爆音収穫祭にて『マーヴェリックス』(カーティス・ハンソン)。


海辺で遊ぶ健康的な少年と少女が出会うのは、イカした中年サーファー。世界がずっとこんなふうであればいいのに。でも残念ながら、世界はそんなもんじゃない。少年はアル中気味の母親を抱えてピザ屋でバイトする青年(サーフィンはうまい)になっているし、少女はチャラいギャル(年の割に老け顔)になっている。イカしてたはずの中年は孤独を抱え、できた妻がいないとまともに生きていけない(たぶんあんまり働いてない。すぐに職場でキレて辞める)。うまくいかない。でも誰が悪いわけでもない。


この映画にはそんな人たちしか出てはこないし、波に乗ったからといって何が解決するわけでもない。

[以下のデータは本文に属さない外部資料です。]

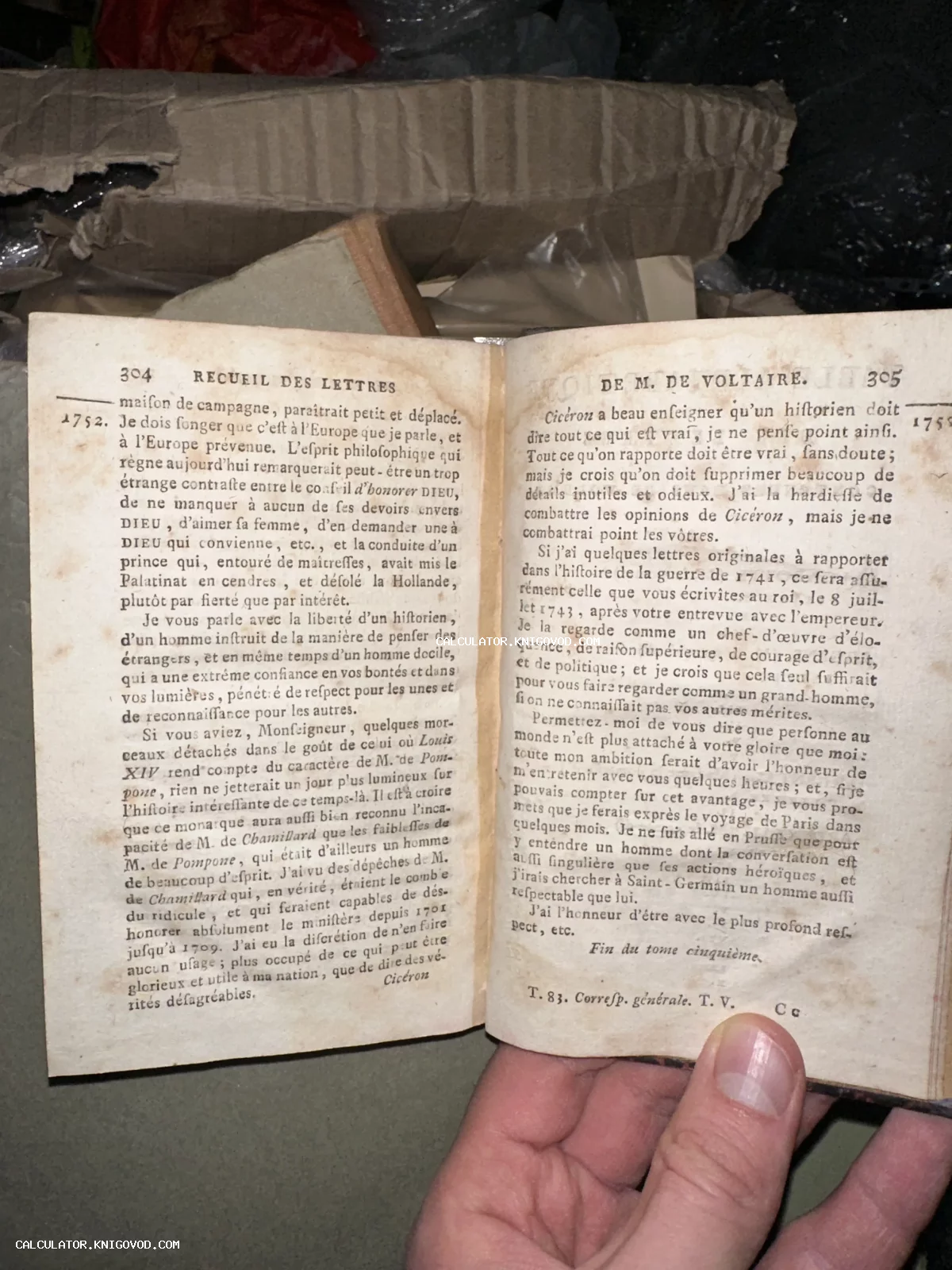 Разворот старинной книги на французском языке с текстом писем Вольтера, напечатанных в середине XVIII века.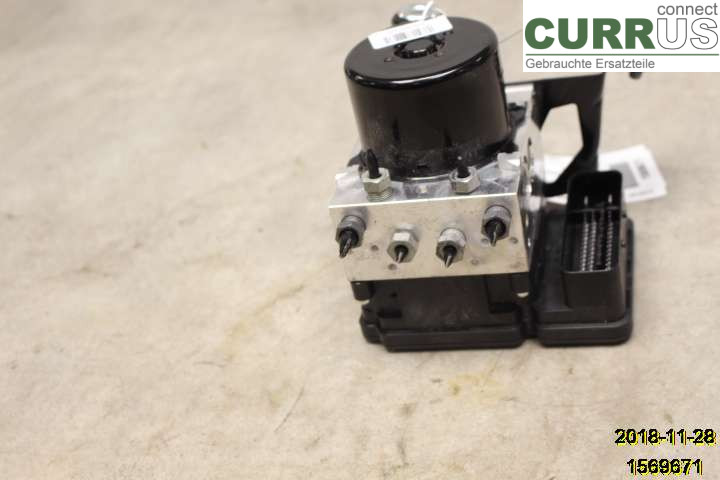 VOLVO V60 CROSS COUNTRY  16-18 ABS-Hydraulikeinheit 31329138 D4204T14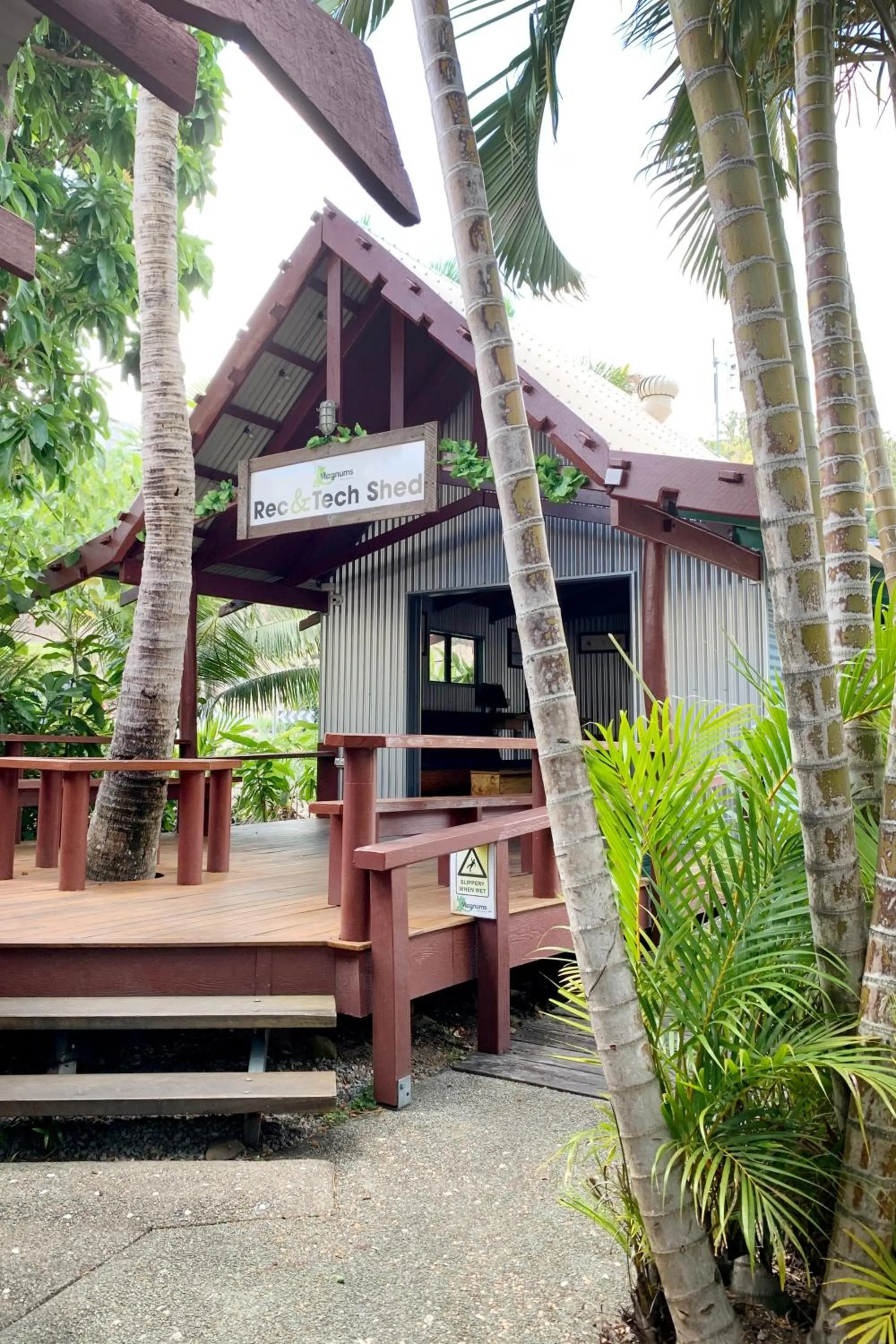 Property building in Airlie Beach Magnums - Adults Only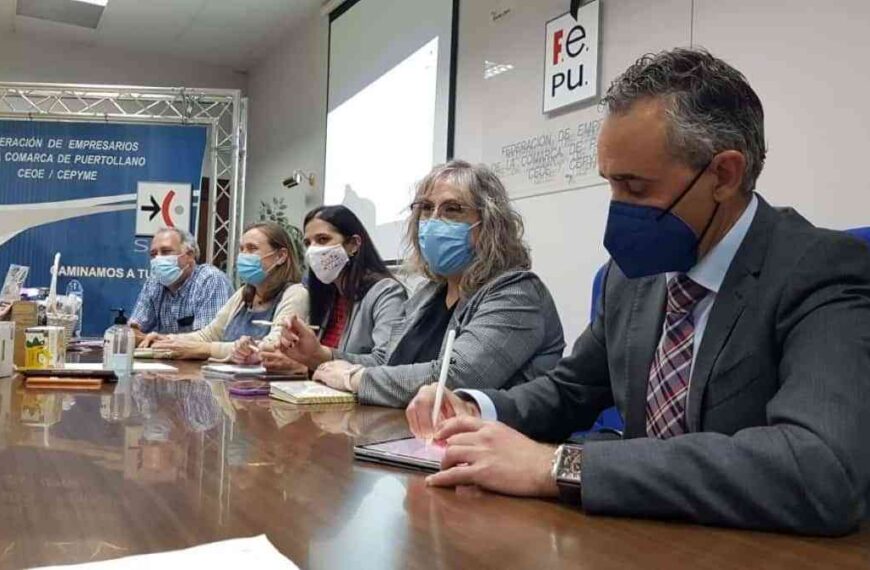 Campaña de “Sensibilización del comercio justo” en Puertollano con la participación de FEPU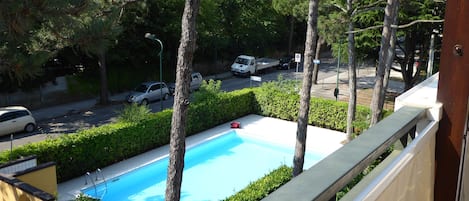 piscina condominiale - swimming pool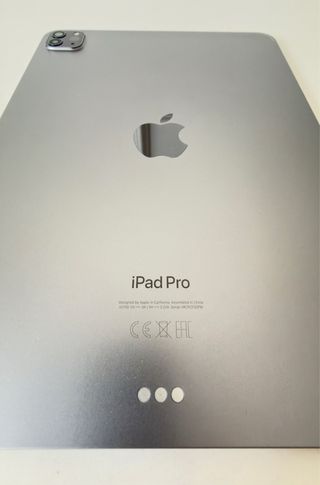 iPad Pro 11 M2 256GB Wifi + Logitech Combo Touch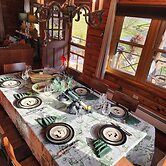 Authentic Log Cabin Short Walk to Lake & Hideout
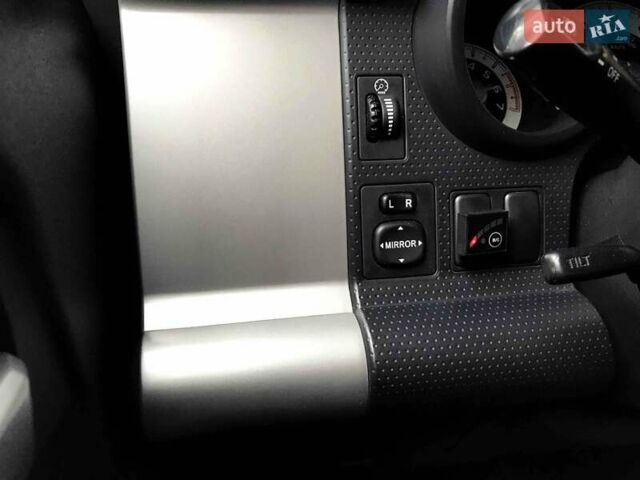 Серый Тойота ФЖ Крузер, объемом двигателя 4 л и пробегом 282 тыс. км за 28700 $, фото 12 на Automoto.ua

それでも青年は「あの波」に乗ろうとし、中年は青年を不器用に導く。そしてその導きとは、死なないための訓練なのだ。大波が頭上に落ちてきたときに死なないための、頭脳と身体の訓練。体力がなければ死ぬ。肺活量がなければ死ぬ。パニックを起こせば死ぬ。それは両親がいないこと、父がいないことと同じで、変えようのない事実なのだ。


だからこの映画で波は残酷でも優しくもなく、ただ荒れ狂い、重低音を轟かせる。圧倒的に。それは人智を超えたものとしてあり、中途半端に挑めば、容赦なく海の底に引きずられて窒息するか、岩に叩きつけられて砕けるしかない。そうしたものと知りつつ、サーファーたちは波に挑む。怠りなく準備をして。だからベテランはいとも易々と波を乗りこなしている、ように見える。


波のように何度も何度も語られる「家族」「孤独」「青春」を丁寧に語りきるカーティス・ハンソンもまた、この映画をそんなふうに作ったのではないか。体力と頭脳をフルに駆使して。あのビッグウェーブを実際に撮影するのは並大抵のことではなかったろうし、また、脇の人物に至るまで、人を見る視点は限りなく優しい。いまどき「手紙」をキーポイントに持ってくる演出も、さらっとやっているようだけど、あんなことはなかなかできない。おかげでボロボロ泣かされたわけだけど。


誰もが「自分の波」を抱えていて、一人では波の向こう側に行くことができないし、行けるようになったとしても、「Don't go near the water」という人の言葉に耳を傾けることのほうが大事なときもある。深淵を覗き込んでしまっても、別の帰り道を誰かが知っている。「We are not alone」、とある映画に出てきたそんな言葉を思いだした。